Directions
Keep the pictures out. Copy every line of the listing exactly.

Recorded data
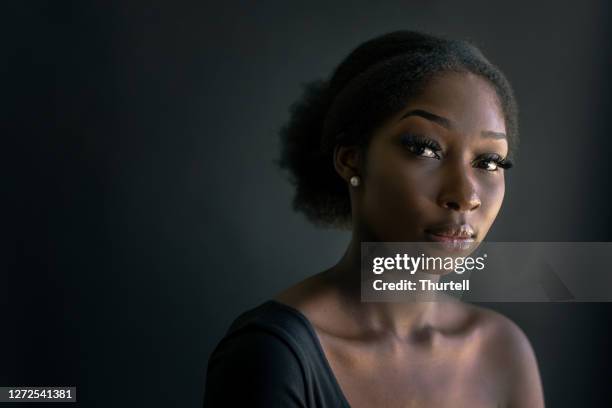 portrait de la jeune femme africaine - adolescent africain photos et images de collection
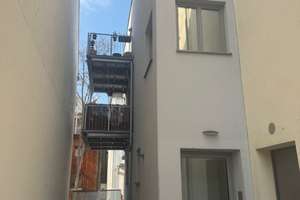Stilvoll & exklusiv: Großzügige 5-Zimmer- Duplexwohnung mit 254 m², Balkon und Garage in Bestlage – Die vollständige Adresse der Immobilie erhältst du vom Anbieter., 86150 Lechviertel, östl. Ulrichsviertel, Augsburg – Vorschaubild 23
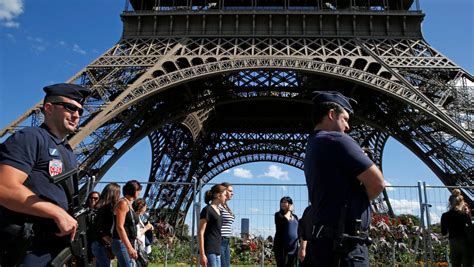Paris Tourism Lost 750 Million Euro After Attacks Nz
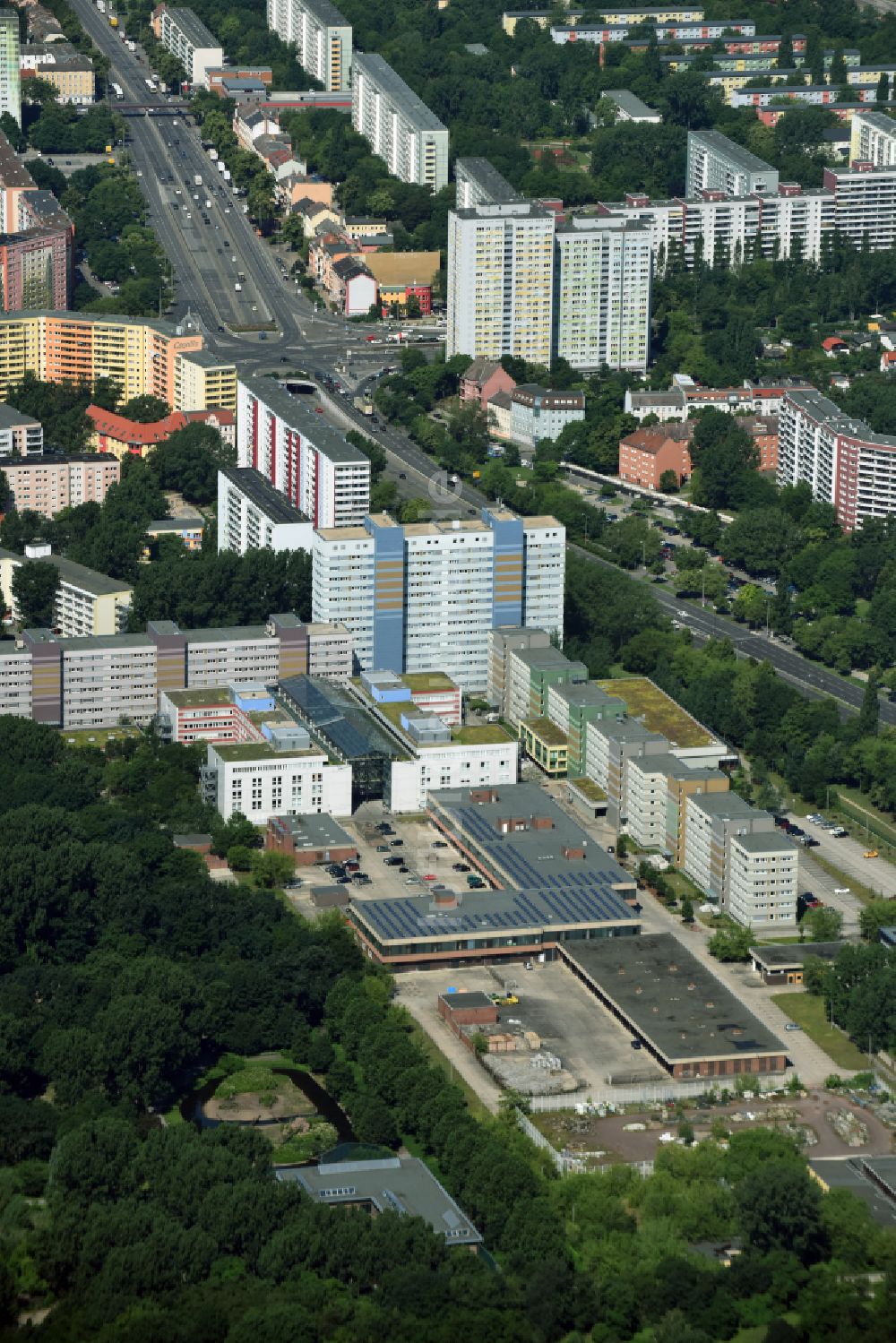 Luftbild Berlin - Campus- Gebaude der Fachhochschule HWR Berlin Campus Lichtenberg Alt-Friedrichsfelde in Berlin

Your solution
 portrait de la jeune femme africaine - adolescent africain photos et images de collection
Stilvoll & exklusiv: Großzügige 5-Zimmer- Duplexwohnung mit 254 m², Balkon und Garage in Bestlage – Die vollständige Adresse der Immobilie erhältst du vom Anbieter., 86150 Lechviertel, östl. Ulrichsviertel, Augsburg – Vorschaubild 23
Paris Tourism Lost 750 Million Euro After Attacks Nz
 Luftbild Berlin - Campus- Gebaude der Fachhochschule HWR Berlin Campus Lichtenberg Alt-Friedrichsfelde in Berlin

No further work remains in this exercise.